What this task involves — Your answer should repeat exactly the lines from the one holding "2017' Toyota Aqua S 1.5 Hybrid photo #7" through the end of the data, and it should contain no pictures.

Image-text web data
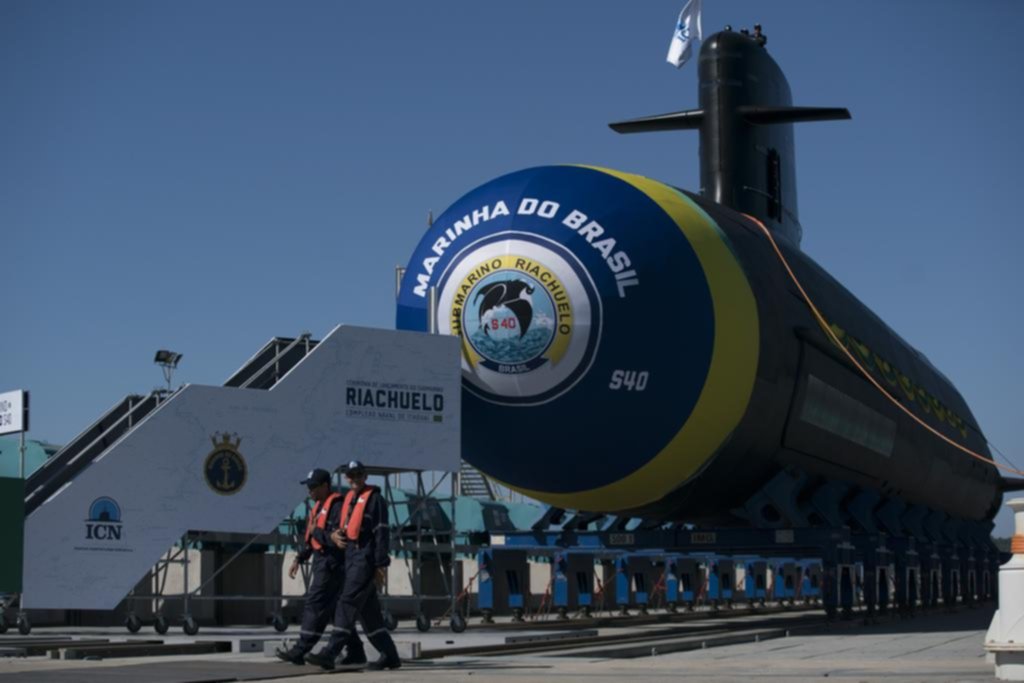 Brasil botó un submarino ultramoderno y avanza otro con tecnología nuclear
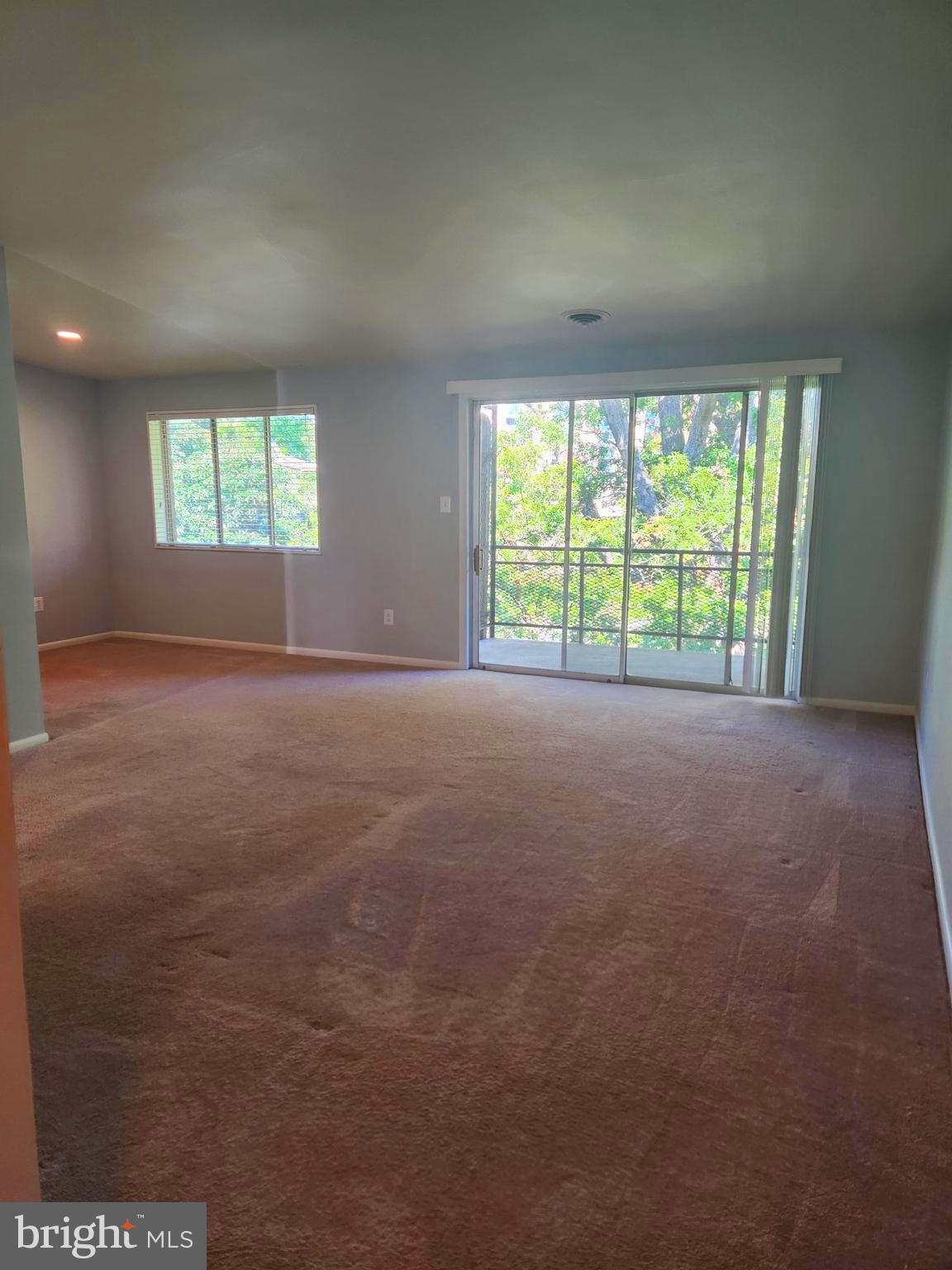 GROSVENOR PARK - Residential Lease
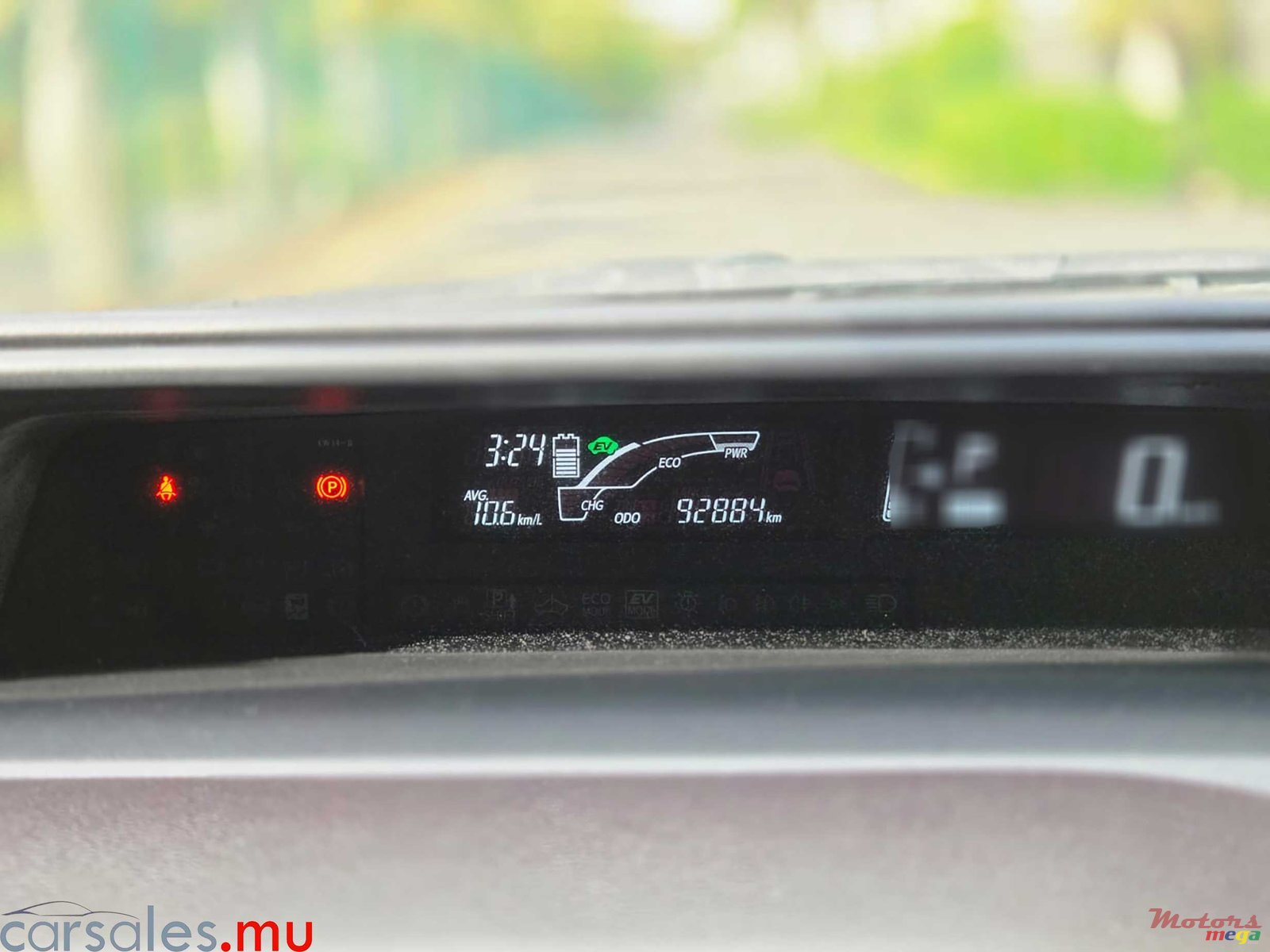 2017' Toyota Aqua S 1.5 Hybrid photo #7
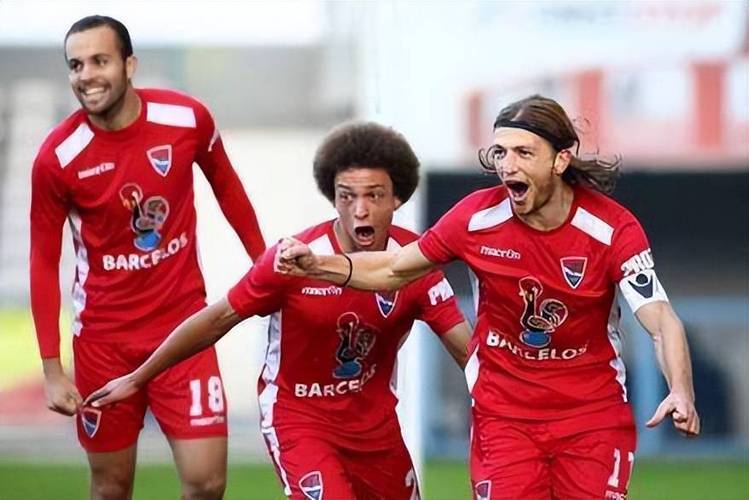 阿尔法队中场核心状态神勇，成为关键战术球员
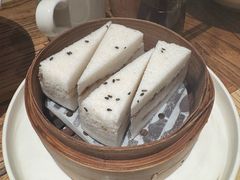 -荣家黄鱼面(南京西路店)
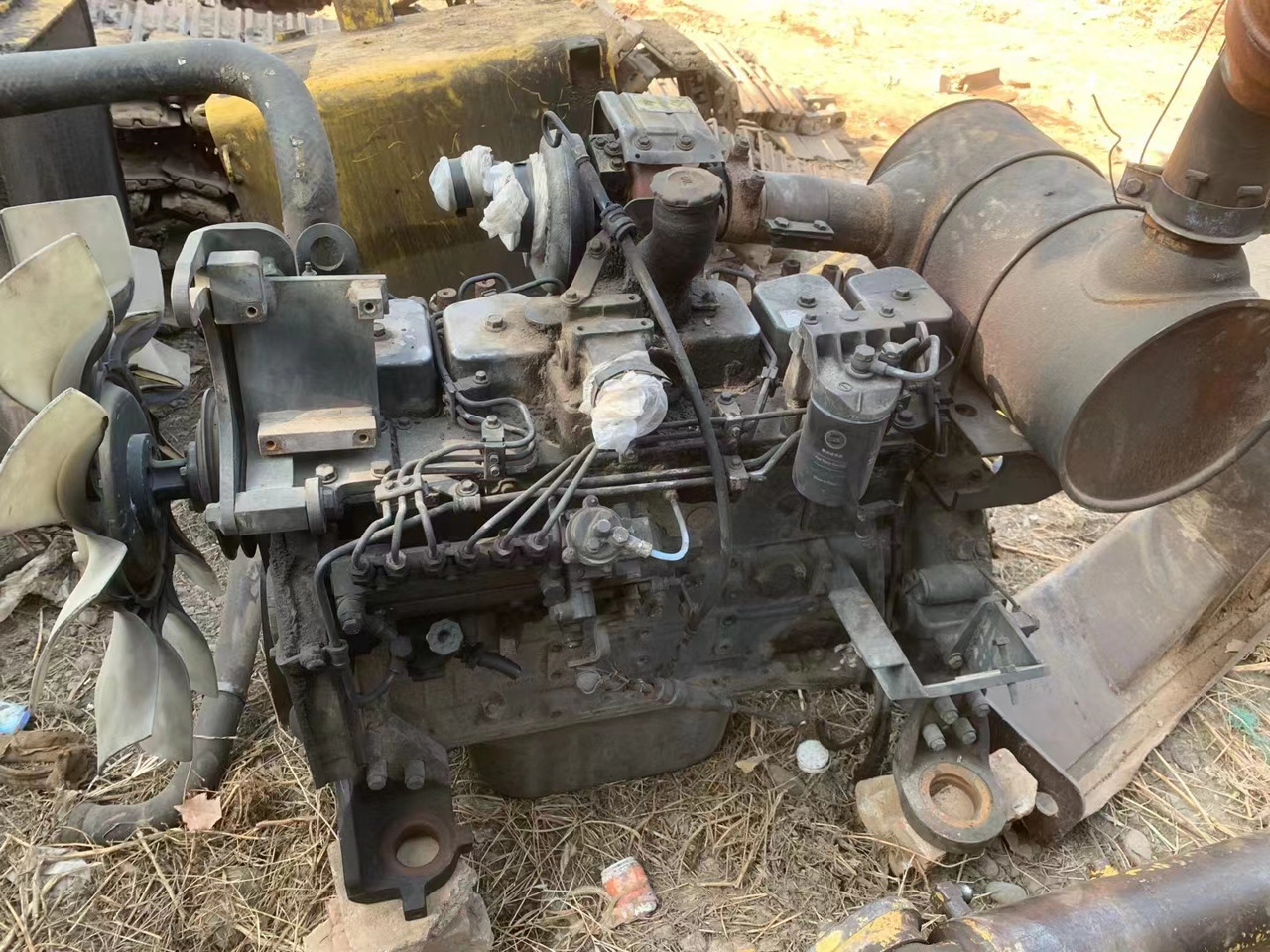 KOMATSU 6D102 - Motor for Gravemaskin: bilde 2 KOMATSU 6D102 - Motor for Gravemaskin: bilde 2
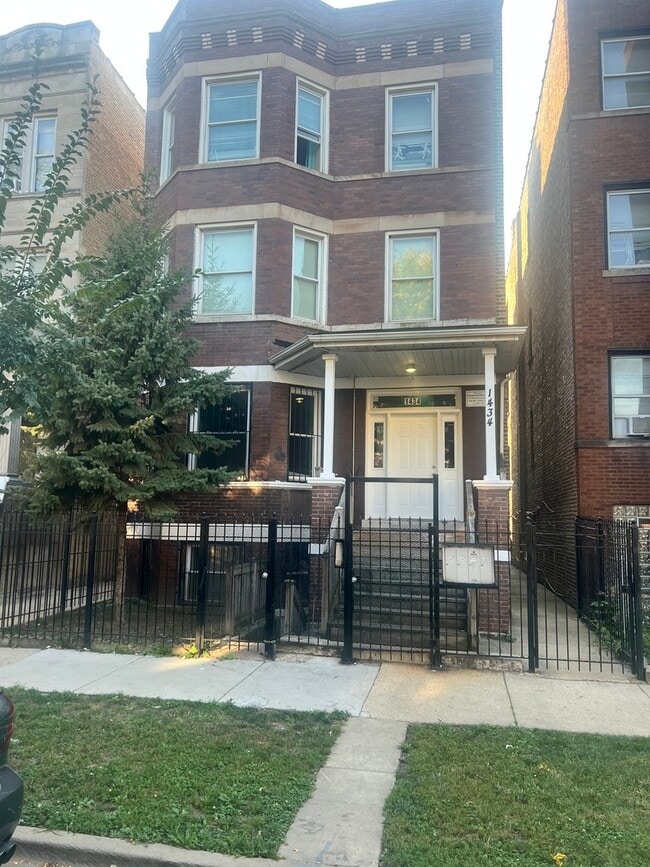 Building Photo - 1434 S St Louis Ave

Answer to the exercise —
 2017' Toyota Aqua S 1.5 Hybrid photo #7
 阿尔法队中场核心状态神勇，成为关键战术球员
 -荣家黄鱼面(南京西路店)
 KOMATSU 6D102 - Motor for Gravemaskin: bilde 2 KOMATSU 6D102 - Motor for Gravemaskin: bilde 2
 Building Photo - 1434 S St Louis Ave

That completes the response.